| title | Row-level security (RLS) with Power BI | |
|---|---|---|
| description | How to configure row-level security for imported semantic models, and DirectQuery, within the Power BI service. | |
| author | billmath | |
| ms.author | billmath | |
| ms.topic | how-to | |
| ms.date | 03/08/2025 | |
| ms.update-cycle | 180-days | |
| ms.custom | sfi-image-nochange | |
| LocalizationGroup | Administration | |
| ms.collection | ce-skilling-ai-copilot | |
| no-loc |
|
Row-level security (RLS) with Power BI can be used to restrict data access for given users. Filters restrict data access at the row level, and you can define filters within roles. In the Power BI service, users with access to a workspace have access to semantic models in that workspace. RLS only restricts data access for users with Viewer permissions. It doesn't apply to Admins, Members, or Contributors.
You can configure RLS for data models imported into Power BI with Power BI. You can also configure RLS on semantic models that are using DirectQuery, such as SQL Server. For Analysis Services or Azure Analysis Services live connections, you configure row-level security in the model, not in Power BI. The security option doesn't show up for live connection semantic models.
[!INCLUDE include-short-name]
By default, row-level security filtering uses single-directional filters, whether the relationships are set to single direction or bi-directional. You can manually enable bi-directional cross-filtering with row-level security by selecting the relationship and checking the Apply security filter in both directions checkbox. Note that if a table takes part in multiple bi-directional relationships you can only select this option for one of those relationships. Select this option when you've also implemented dynamic row-level security at the server level, where row-level security is based on username or login ID.

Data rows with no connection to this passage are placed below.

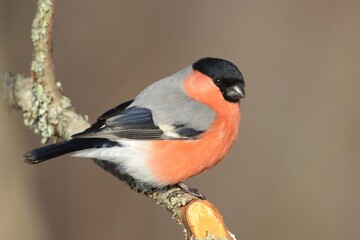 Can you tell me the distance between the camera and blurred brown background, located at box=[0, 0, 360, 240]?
191 inches

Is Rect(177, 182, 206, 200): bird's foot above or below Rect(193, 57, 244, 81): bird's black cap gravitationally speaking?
below

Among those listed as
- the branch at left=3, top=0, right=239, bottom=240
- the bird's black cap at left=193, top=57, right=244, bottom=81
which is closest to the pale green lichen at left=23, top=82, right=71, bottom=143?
the branch at left=3, top=0, right=239, bottom=240

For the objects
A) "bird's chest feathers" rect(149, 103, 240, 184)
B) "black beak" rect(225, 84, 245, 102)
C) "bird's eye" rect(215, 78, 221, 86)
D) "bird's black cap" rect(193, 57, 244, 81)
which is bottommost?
"bird's chest feathers" rect(149, 103, 240, 184)

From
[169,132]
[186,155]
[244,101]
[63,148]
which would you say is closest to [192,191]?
[186,155]

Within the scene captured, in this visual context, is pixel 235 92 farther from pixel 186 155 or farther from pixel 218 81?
pixel 186 155

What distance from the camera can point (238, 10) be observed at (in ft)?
18.4

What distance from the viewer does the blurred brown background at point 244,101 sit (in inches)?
191

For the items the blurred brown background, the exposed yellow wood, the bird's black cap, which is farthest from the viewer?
the blurred brown background

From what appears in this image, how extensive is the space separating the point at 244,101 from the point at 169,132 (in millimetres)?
2252

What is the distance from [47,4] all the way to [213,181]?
84.8 inches

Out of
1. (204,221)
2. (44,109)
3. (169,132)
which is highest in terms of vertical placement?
(44,109)

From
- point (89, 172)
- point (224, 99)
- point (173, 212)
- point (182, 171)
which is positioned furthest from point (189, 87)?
point (89, 172)

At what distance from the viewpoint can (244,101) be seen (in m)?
5.38

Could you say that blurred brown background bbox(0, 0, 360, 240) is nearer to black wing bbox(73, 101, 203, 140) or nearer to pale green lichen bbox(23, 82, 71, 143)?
pale green lichen bbox(23, 82, 71, 143) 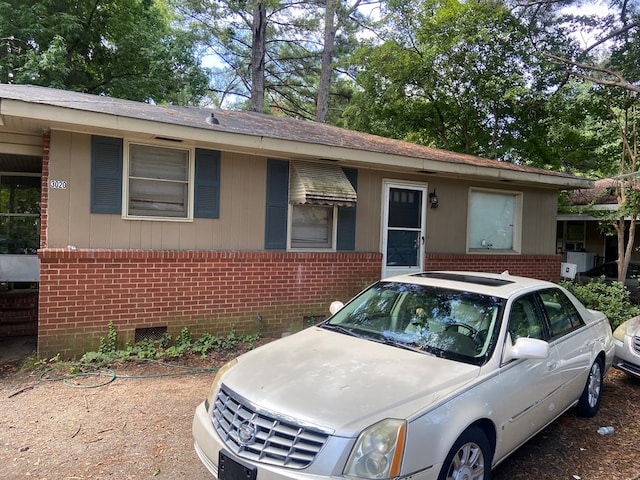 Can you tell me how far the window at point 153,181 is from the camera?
5.84 meters

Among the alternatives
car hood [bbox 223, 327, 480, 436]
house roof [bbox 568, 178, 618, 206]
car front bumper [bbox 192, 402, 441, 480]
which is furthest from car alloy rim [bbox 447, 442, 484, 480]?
house roof [bbox 568, 178, 618, 206]

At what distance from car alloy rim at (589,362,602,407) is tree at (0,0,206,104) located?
46.2 ft

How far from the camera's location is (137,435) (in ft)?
12.0

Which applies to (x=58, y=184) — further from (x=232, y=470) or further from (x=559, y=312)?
(x=559, y=312)

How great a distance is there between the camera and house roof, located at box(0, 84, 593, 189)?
16.8 feet

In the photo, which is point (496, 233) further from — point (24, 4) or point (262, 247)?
point (24, 4)

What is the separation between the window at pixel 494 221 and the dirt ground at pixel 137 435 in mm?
4601

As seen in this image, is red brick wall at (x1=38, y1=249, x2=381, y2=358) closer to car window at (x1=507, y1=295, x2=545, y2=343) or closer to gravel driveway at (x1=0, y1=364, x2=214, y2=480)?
gravel driveway at (x1=0, y1=364, x2=214, y2=480)

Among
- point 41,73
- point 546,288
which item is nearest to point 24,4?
point 41,73

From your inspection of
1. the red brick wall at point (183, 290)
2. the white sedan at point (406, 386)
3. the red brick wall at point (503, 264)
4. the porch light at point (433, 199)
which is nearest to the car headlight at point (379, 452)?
the white sedan at point (406, 386)

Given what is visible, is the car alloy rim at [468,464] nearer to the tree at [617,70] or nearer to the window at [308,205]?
the window at [308,205]

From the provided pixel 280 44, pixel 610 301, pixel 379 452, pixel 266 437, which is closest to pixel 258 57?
pixel 280 44

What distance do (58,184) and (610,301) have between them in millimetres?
9120

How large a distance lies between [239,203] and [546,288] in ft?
14.5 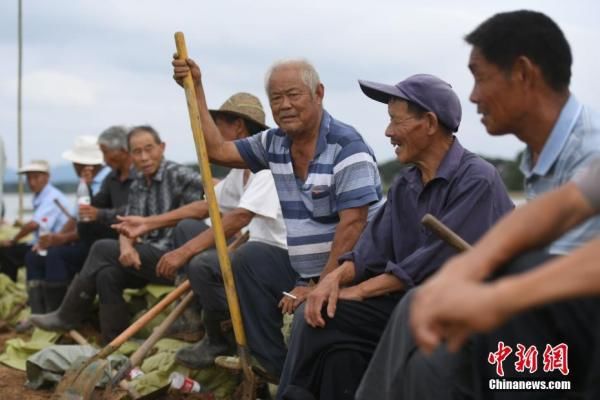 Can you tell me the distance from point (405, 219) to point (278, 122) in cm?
104

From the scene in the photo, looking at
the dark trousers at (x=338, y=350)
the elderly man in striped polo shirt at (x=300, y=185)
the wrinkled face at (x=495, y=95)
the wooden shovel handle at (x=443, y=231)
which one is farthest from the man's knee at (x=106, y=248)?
the wrinkled face at (x=495, y=95)

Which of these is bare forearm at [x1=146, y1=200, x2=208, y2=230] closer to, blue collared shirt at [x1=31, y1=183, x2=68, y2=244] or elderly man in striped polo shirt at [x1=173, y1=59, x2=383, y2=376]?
elderly man in striped polo shirt at [x1=173, y1=59, x2=383, y2=376]

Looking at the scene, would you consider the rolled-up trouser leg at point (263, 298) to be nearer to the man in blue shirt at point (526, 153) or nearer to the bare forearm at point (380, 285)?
the bare forearm at point (380, 285)

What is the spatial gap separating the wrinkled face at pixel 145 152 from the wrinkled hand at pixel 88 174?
176 centimetres

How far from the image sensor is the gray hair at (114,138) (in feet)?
24.4

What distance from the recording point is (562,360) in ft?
8.09

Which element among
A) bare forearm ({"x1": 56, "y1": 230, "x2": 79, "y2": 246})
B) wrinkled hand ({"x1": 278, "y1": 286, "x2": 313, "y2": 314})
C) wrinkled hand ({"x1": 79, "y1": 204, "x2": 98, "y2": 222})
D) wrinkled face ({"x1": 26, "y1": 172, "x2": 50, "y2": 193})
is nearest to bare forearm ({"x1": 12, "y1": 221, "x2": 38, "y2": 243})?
wrinkled face ({"x1": 26, "y1": 172, "x2": 50, "y2": 193})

For more information, see Bidirectional cross-filtering using DirectQuery in Power BI and the Securing the Tabular BI Semantic Model technical article.
:::image type="content" border="true" source="../includes/media/powerbi-security-apply-filter-in-both-directions.png" alt-text="Screenshot of the model relationship setting to apply security filter in both directions.":::
To manage security on your semantic model, open the workspace where you saved your semantic model in Fabric and do the following steps:
-
In Fabric, select the More options menu for a semantic model. This menu appears when you hover on a semantic model name.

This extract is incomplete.